Fig 2. ¹⁵N uptake in hydroponic culture.

(A) Plants acclimatized in transparent plastic pots as described in Materials and Methods and grown in KNO₃ as the sole N source were incubated for 2 h in the same solution but containing ¹⁵N-label as 1 mM K¹⁵NO₃. δ¹⁵N (‰) values were determined in roots using an elemental analyzer coupled to a Delta V Advantage isotope ratio mass spectrometer. Values are in triplicate, and asterisks indicate that the difference between the control and transgenic poplars is significant by the t-test (P<0.05).(B) The same as in (A), except that plants were grown under NH₄Cl as the sole N source.

Fig 3. Field trial of transgenic poplar overexpressing PpDof5.

(A) Diagram of the ground for the field trial experiment. (B) General overview of ground-field trees in the field trial. (C) Confirmation of the presence of the transgene in field-growing trees. PCR analysis was performed using primers specific for PpDof5 on genomic DNA from poplar. As a control, the internal poplar gene PtGS2 was amplified. Two kinds of samples from years 2012 and 2013, the two growing periods considered, were analyzed. (D) The mRNA level of PpDof5 was determined by qPCR in leaves of field-growing trees in 2012 and 2013. Determinations were made in triplicate. (E) Content of chlorophyll a and b in controls and transgenic poplar was determined in the upper (UL) and basal (BL) leaves of trees during the growing period of 2012 and in leaves and branches during the growing period of 2013. White bars correspond to control samples, gray bars are L2 and black bars are L6 samples.

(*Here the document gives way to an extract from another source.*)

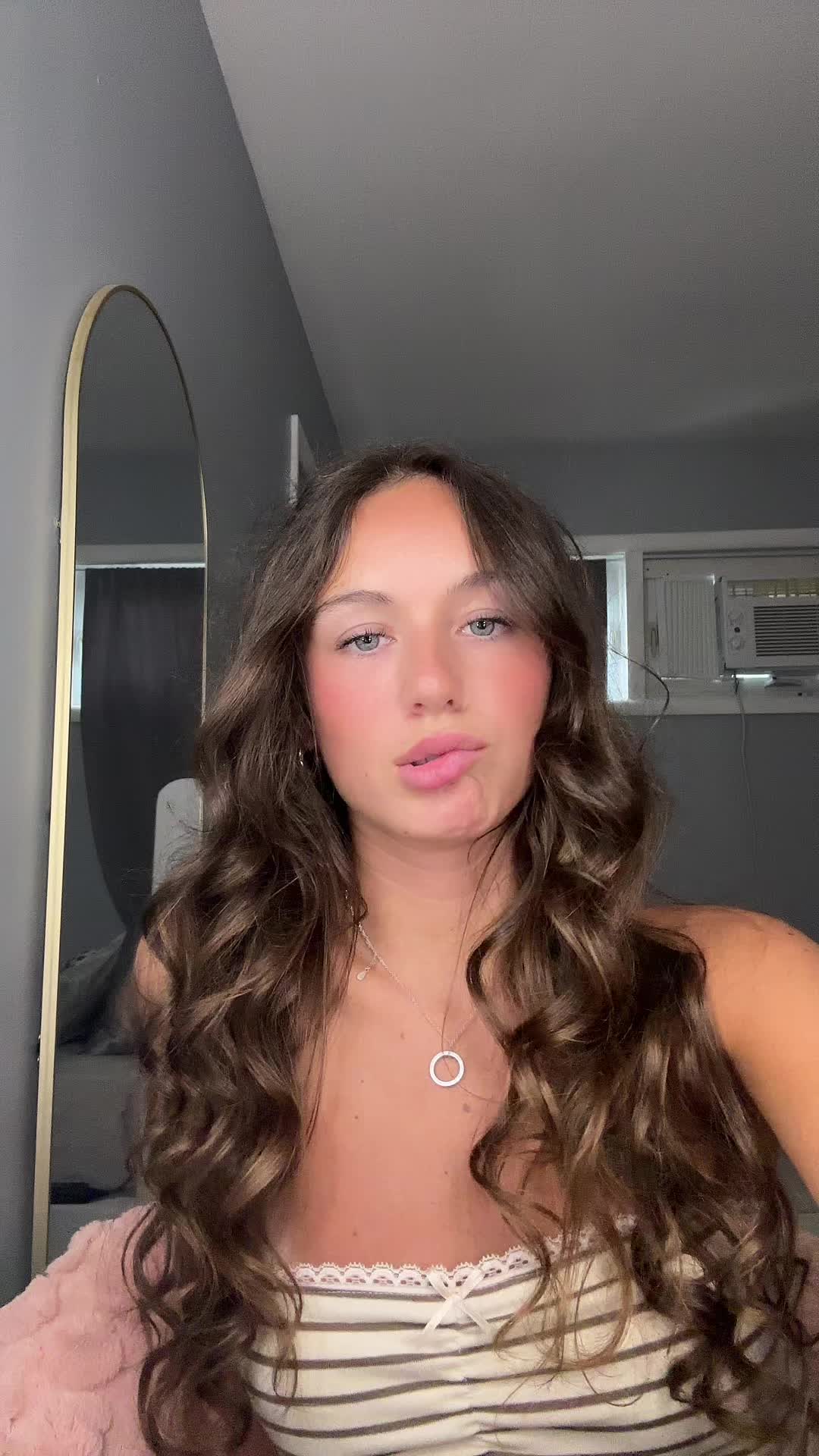 @🥂va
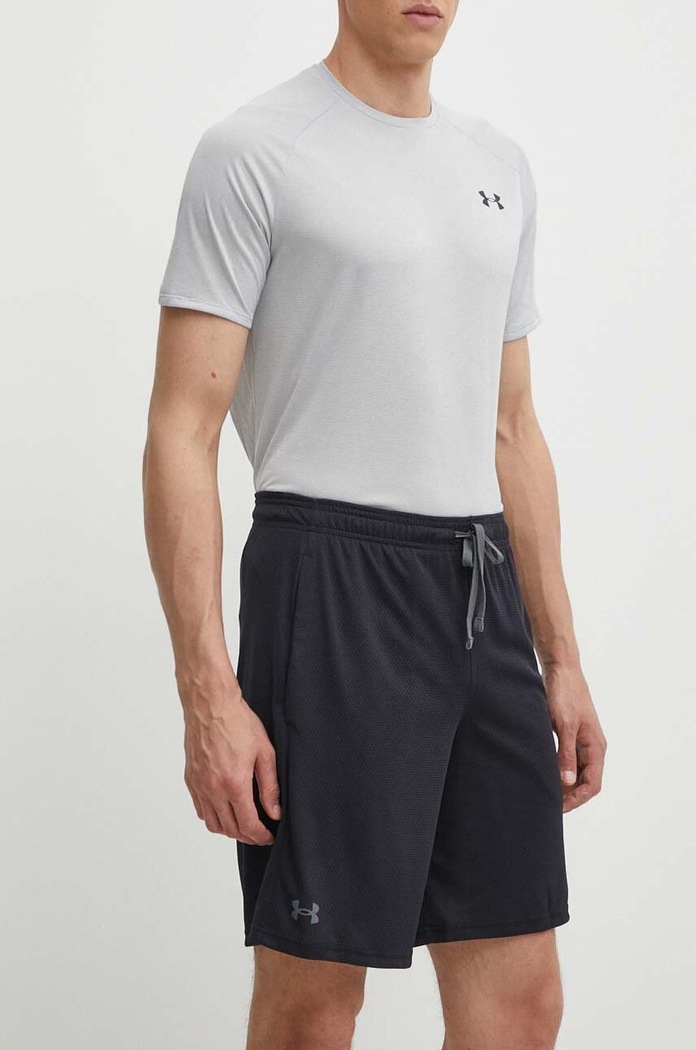 Under Armour - Rövidnadrág 1328705.001 sima fekete 1328705.001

Fig 4. Carbohydrate content in PpDof5 transgenic poplar.

(A) Analysis of carbohydrate content in 10-week-old control and transgenic poplar lines grown in the growth-chamber. Values are expressed as nmol mg^-1 of fresh weight (FW). The determination is the mean of three independent biological samples measured in triplicate in upper leaves (UL), basal leaves (BL), stems and roots. Asterisks indicate that the difference between the control and transgenic poplars is significant by the t-test (P<0.05). (B) Analysis of carbohydrate content in control and transgenic poplar lines grown in the field during the two-growing seasons of the experiment. Values are expressed as nmol mg^-1 FW and are the means of three independent biological samples measured in triplicate. The samples were upper leaves (UL) and basal leaves (BL) for 2012 and leaves and branches for 2013. Asterisks indicate that the difference between the control and transgenic poplars is significant by the t-test (P<0.05) for starch content in samples of 2012.

Fig 5. Cellulose and lignin content in PpDof5 transgenic poplar.

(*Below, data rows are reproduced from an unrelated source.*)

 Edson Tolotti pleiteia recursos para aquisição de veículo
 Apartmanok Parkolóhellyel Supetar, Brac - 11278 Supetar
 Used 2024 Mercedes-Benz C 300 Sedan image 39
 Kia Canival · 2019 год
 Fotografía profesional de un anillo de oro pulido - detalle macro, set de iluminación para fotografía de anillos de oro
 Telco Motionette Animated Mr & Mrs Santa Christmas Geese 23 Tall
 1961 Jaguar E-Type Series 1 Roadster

(A) Determination of cellulose and lignin content in 10-week-old poplar plants grown in a growth-chamber. Values are expressed as mg/g FW. The determination was performed in triplicate in three independent biological samples. Asterisks indicate significant differences between controls and lines by the t-test (P<0.05). (B) Determination of cellulose and lignin content in poplar trees grown in the field. Values are expressed as mg/g FW. The determination is the mean of three independent biological samples measured in triplicate.

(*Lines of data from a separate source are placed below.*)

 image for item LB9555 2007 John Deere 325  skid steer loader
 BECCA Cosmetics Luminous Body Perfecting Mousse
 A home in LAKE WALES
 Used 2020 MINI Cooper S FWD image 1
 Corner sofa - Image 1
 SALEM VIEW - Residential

Fig 6. Expression analysis of PAL1 and GS1.3.

(A) Diagram of the location in the pathway of the two enzymes involved in the synthesis of phenylalanine for lignin synthesis. The ammonium flux involving the two enzymatic reactions is highlighted in black. (B) Expression analysis by qPCR of PAL1 and GS1.3 genes in the basal section of the stem in control and transgenic poplar trees. Measurements were performed in triplicate in three independent biological replicas. Asterisks indicate that the difference between the control and transgenic poplars is significant by the t-test (P<0.05).